[Brief descriptive captions]
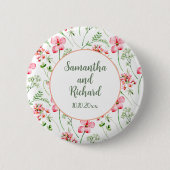 Kleurrijke Waterverf Wilde Bloemen Bruiloft Ronde Button 5,7 Cm (Voorkant)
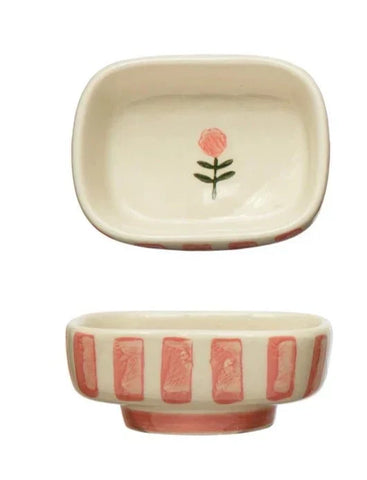 Hand-Painted Dish with Stripes & Flower - #1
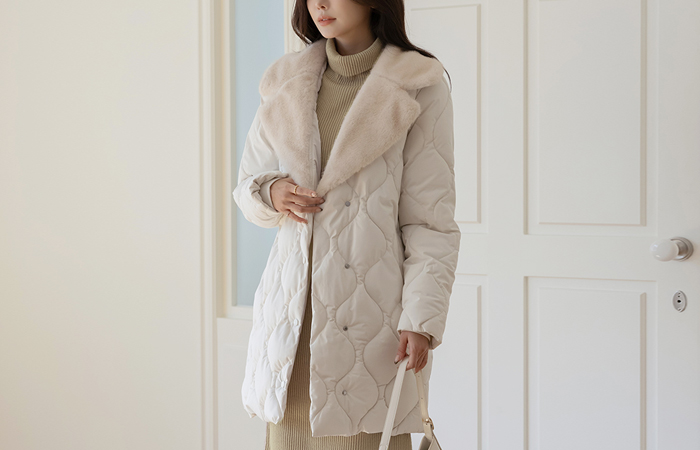 ファー カラーネック 人造ダウン キルティング ハーフ バディング(+ベルト)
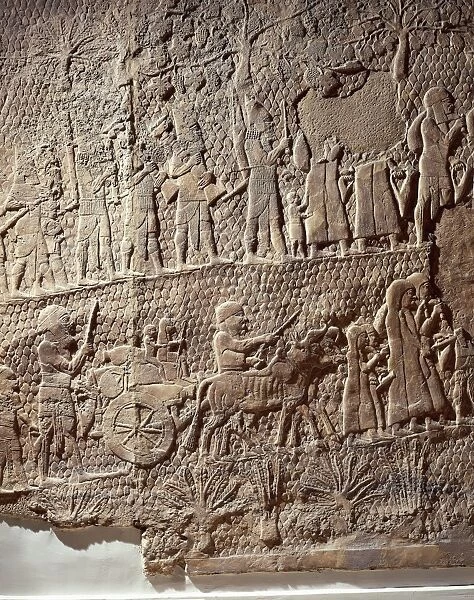 Scene with flight of Elamite soldiers, Relief from Royal Palaces of Nineveh, circa 645 B. C
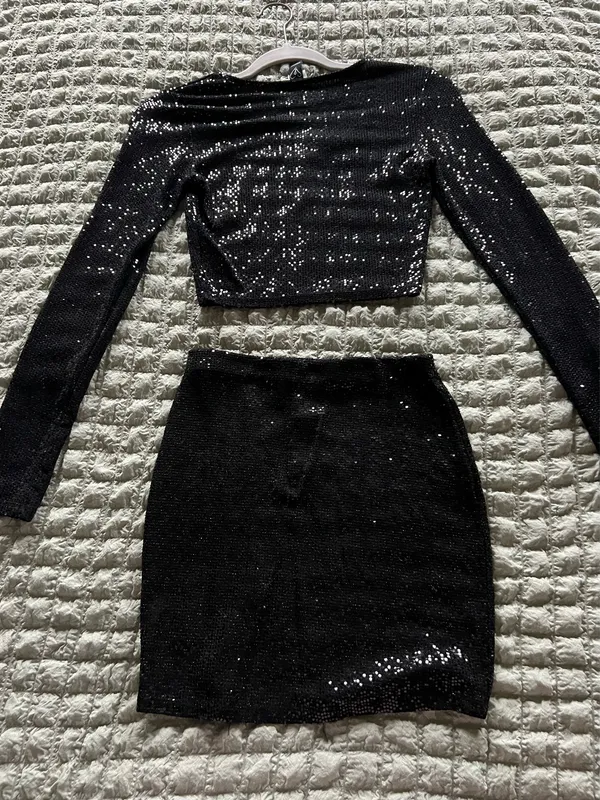Windsor Black sequin two-piece skirt set with long-sleeve crop top and matching skirt. Sleek, sparkly fabric creates standout evening style. Comfortable fit with a polished, modern silhouette. Perfect for parties and special occasions. - Image 5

• **Activity**
Output nothing but the records above, word for word, with the pictures removed.

• **Task solution**
 Kleurrijke Waterverf Wilde Bloemen Bruiloft Ronde Button 5,7 Cm (Voorkant)
 Hand-Painted Dish with Stripes & Flower - #1
 ファー カラーネック 人造ダウン キルティング ハーフ バディング(+ベルト)
 Scene with flight of Elamite soldiers, Relief from Royal Palaces of Nineveh, circa 645 B. C
Windsor Black sequin two-piece skirt set with long-sleeve crop top and matching skirt. Sleek, sparkly fabric creates standout evening style. Comfortable fit with a polished, modern silhouette. Perfect for parties and special occasions. - Image 5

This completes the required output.